Technical Field

The present invention relates to an apparatus for use in breaking down an animal carcass. The invention has particular applicaiton in meat processing operations.

Background to the Invention

The carcasses of larger livestock such as beef or lamb are typically broken down into smaller, more manageable cuts of meat prior to sale. In order to break a carcass down into smaller cuts, it is typically hung from a rail at a convenient height and workers perform the manual task of breaking down the carcass. The workers make use of a knife which is held in the dominant hand, and also usually a hook which is held in the non-dominant hand. The hook used to grapple, hold, orient, pull, and tear the carcass as pieces of meat are separated from it. The hook is also often used to support, control, transport and even throw pieces of meat once separated from the carcass. Large forces are commonly exerted with the hook, and producing these large forces can lead to repetitive strain injury or other injury to the worker. Furthermore, the necessity to exert large forces can lead the worker to adopt body postures which are not optimal for ergonomic safety. Productivity, in speed of work and also in the quality and value of the cuts of meat produced, are also affected by the worker's ability to produce large pulling forces with the hook. Older workers or those who become less strong for any reason may find themselves unable to continue in their line of work because of the high physical demands or injury.

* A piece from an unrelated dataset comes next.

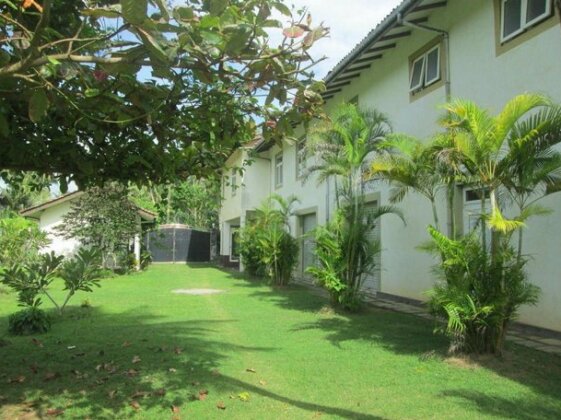 Raja Beach Hotel - Photo5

It would be advantageous to improve upon techniques for breaking down carcasses.

Summary of the Invention

In a first aspect the present invention provides an apparatus for use in breaking down an animal carcass including: an arm; an end effector is mounted to the arm for effecting actions on the carcass; the end effector includes an input device for detecting input forces of a worker; a motive device is associated with the arm for driving the arm in response to the input forces to effectively amplify the input forces of the worker; and wherein the end effector is rotatable in at least one plane with respect to the arm.

The end effector may be rotatable in at least two planes with respect to the arm.

The end effector may be rotatable in three planes with respect to the arm. The end effector may be fitted with a tool.

The tool may include any one of a hook, knife, or gripping device.

The end effector may include at least one rotational position sensor. The end effector may include at least one load cell for detecting input forces of a user.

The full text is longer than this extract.